I mainly started with a rough idea of what the story may be, based on my own experiences with the company. From there it was mainly just interviewing who I felt were the main people for the film.
I had gotten good advice to make sure to keep myself open to any new stories and not get so focused on what my initial story was going to be. This proved hugely beneficial as I was able to adjust my questions with each subsequent interview and often going back to re-interview people.
From there it was a lot of editing based on the interview transcripts. I had edited multiple mini films based on each game of that era. This allowed me to see which game would hit certain themes and/or topics. That helped inform me in regards to which games/subject would be kept for the film’s flow. After that, it’s chop chop and chop until someone rips the film out of my hands!
What would be your dream documentary subject?
Even though one had just come out, I’d still like to do something on Bruce Lee. Like many Chinese my age, he was beyond just a hero. I was obsessed by him and his films when I was a kid and it really helped me through some tough times.
Do you think Insert Coin helped the conversation around arcade games?
I’d like to think so. The film is less about geeking out over the games and more about the decision making and business behind something people loved from their childhoods.
What are some common misconceptions people have about developing arcade games?
I think people didn’t realize how design decisions were made based on economics, not just fun. These games were designed a certain way for a reason, to make you drop quarters every 30 seconds. Obviously it has to be fun or you’ll never get the quarters at all.
But there was a lot of design focus on making certain events happen to push and pull the player to keep going and spending money. For a long time that design style went away with console gaming taking dominance. But now you see it coming back with the mobile games era.
Why do you think documentaries are important?
I’m a first time documentarian so obviously take this with a grain of salt. I feel they’re important because it’s showing people truths in a creative way that embeds into their minds in ways that news or fictional films can’t, even with the same themes and subjects.
Do you believe documentary filmmakers have a responsibility to make films that change the conversation on their subject material?
I believe so, otherwise why bother? If you’re producing something that doesn’t surprise people in some fashion then what is the point? My film is about a very light subject compared to all that’s going on in the world but I wanted to make a point of bringing up information that would surprise those who loved these games in a creative way.
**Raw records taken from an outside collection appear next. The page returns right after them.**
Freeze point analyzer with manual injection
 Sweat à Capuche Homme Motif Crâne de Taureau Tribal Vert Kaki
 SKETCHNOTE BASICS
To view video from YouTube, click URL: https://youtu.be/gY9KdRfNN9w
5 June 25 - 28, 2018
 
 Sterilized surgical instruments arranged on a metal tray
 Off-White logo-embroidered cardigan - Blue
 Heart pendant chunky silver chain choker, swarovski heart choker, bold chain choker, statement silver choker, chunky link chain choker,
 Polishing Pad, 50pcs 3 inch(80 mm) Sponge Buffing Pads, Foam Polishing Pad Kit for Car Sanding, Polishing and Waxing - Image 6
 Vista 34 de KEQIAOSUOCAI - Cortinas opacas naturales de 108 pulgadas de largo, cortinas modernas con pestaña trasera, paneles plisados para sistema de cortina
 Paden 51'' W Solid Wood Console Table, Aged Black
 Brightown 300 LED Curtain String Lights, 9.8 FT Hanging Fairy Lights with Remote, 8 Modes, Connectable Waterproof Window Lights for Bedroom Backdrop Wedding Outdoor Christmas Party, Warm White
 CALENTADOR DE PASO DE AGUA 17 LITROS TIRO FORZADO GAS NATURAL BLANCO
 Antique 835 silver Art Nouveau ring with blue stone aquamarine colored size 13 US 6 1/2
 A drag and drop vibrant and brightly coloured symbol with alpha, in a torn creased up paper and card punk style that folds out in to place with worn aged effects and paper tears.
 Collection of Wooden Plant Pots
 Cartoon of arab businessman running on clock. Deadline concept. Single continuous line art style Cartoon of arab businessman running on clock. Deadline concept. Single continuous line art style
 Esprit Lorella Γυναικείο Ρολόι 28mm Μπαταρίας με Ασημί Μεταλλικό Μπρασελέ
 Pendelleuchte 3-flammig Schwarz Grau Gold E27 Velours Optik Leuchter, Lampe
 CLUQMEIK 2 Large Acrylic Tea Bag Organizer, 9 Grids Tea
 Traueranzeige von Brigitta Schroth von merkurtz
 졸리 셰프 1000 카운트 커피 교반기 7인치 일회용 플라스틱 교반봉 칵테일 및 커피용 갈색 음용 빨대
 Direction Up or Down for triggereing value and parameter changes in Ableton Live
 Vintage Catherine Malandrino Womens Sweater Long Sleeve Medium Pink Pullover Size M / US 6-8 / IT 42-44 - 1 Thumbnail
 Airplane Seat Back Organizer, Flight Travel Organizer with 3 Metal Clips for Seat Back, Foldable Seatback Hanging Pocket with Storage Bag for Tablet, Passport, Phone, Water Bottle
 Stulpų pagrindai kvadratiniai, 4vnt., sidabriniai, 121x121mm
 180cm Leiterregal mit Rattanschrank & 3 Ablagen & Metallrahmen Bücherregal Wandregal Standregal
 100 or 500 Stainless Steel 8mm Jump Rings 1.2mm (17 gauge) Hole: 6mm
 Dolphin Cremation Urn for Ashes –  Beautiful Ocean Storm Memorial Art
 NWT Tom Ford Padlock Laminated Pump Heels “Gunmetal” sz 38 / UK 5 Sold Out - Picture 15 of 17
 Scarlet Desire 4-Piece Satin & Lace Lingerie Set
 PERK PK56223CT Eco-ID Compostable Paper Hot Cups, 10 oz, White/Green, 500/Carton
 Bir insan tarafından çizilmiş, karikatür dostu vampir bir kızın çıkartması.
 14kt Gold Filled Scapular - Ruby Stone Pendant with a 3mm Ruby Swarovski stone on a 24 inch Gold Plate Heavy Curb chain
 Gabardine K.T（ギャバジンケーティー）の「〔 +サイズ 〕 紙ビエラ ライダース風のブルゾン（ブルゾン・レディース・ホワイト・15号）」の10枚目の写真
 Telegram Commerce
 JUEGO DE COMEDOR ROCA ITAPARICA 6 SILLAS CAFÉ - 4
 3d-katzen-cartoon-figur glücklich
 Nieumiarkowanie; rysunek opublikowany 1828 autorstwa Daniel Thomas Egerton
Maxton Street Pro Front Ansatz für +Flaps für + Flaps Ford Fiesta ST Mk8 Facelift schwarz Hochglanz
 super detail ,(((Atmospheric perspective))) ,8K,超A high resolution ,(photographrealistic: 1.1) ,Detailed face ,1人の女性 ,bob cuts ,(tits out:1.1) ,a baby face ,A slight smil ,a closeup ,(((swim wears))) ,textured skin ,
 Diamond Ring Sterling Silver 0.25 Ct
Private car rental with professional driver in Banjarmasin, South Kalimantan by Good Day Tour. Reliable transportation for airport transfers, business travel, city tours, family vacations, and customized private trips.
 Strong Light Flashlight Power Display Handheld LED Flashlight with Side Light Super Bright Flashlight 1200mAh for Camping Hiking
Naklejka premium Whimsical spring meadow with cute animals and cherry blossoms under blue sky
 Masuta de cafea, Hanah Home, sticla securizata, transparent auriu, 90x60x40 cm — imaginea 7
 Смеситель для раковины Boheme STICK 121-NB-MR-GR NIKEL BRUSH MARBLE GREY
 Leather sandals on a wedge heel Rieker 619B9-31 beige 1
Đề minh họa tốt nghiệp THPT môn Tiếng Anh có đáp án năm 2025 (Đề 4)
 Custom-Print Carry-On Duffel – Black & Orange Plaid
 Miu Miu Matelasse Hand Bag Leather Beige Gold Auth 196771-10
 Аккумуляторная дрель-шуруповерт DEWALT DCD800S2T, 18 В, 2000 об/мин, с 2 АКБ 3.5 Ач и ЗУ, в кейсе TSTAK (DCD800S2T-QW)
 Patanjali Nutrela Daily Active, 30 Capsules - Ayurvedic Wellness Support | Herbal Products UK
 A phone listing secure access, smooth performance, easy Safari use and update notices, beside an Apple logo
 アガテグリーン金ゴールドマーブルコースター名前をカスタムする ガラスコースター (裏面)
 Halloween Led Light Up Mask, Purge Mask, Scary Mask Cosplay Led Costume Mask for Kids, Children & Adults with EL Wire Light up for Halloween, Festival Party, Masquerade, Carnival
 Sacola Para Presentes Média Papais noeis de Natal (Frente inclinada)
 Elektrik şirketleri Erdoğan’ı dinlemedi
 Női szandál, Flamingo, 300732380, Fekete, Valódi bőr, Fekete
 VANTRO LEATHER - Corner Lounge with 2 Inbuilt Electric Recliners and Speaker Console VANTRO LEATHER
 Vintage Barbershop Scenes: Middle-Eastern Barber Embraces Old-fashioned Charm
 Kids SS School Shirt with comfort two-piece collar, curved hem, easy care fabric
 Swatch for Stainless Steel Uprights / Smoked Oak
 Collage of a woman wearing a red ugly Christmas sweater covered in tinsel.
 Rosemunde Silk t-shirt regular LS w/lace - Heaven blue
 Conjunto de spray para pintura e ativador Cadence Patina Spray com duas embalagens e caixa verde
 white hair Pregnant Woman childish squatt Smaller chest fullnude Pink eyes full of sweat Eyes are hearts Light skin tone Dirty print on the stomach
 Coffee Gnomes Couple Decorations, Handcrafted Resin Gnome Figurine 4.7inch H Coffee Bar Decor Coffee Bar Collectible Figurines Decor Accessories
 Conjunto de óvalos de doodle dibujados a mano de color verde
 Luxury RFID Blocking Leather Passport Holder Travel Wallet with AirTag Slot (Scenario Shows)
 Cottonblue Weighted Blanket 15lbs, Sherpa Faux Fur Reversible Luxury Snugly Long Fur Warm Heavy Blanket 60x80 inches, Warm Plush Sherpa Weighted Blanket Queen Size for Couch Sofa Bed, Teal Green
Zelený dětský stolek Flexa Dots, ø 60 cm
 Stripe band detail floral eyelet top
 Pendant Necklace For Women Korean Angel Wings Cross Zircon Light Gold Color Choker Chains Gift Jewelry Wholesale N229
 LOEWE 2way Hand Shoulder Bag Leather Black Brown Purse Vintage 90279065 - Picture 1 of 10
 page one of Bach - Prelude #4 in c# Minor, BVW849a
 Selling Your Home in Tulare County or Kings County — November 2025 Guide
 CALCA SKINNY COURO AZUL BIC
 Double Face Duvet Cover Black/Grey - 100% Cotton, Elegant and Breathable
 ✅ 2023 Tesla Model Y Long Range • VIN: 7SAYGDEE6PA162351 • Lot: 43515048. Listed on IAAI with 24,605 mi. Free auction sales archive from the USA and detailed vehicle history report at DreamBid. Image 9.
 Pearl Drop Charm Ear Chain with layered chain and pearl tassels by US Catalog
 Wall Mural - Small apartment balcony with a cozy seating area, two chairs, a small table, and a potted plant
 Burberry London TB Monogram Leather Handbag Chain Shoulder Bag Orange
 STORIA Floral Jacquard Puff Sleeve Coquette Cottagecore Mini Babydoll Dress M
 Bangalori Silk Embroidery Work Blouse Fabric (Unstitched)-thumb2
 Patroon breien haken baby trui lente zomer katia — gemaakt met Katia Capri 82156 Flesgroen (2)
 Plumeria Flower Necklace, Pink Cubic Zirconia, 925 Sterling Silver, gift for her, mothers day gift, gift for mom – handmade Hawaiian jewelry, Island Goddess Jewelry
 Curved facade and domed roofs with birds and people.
Make them want to revisit their childhood after seeing it.
Where do you see yourself in five years?
Ideally I would have made 1 or 2 more docs and it’s my full time obsession. My hope is that I can work in subjects I hold dear as this film was a passion project and I was very privileged to be able to pull it off.
Do you have any indie filmmakers we should be keeping on our radar?
I’m sure they’re both on your radars, I was so blown away by both Minding the Gap by Bing Liu and Roll Red Roll by Nancy Schwartzman. Both great films and so creative with their storytelling
What’s next on the docket for you?
I’m currently working on a “secret” project involving an immersive theater. Very excited by this as I’m producing both the film and the theater itself. Outside of that, juggling 3 very different subjects for a possible next film.
If one director could direct the story of your life, who would you choose and why?
I really am impressed by directors who can do both narrative and documentary work so well. So I’d say Wim Wenders. I had seen Wings of Desire and Tokyo Game almost at the same time and was just blown away by both.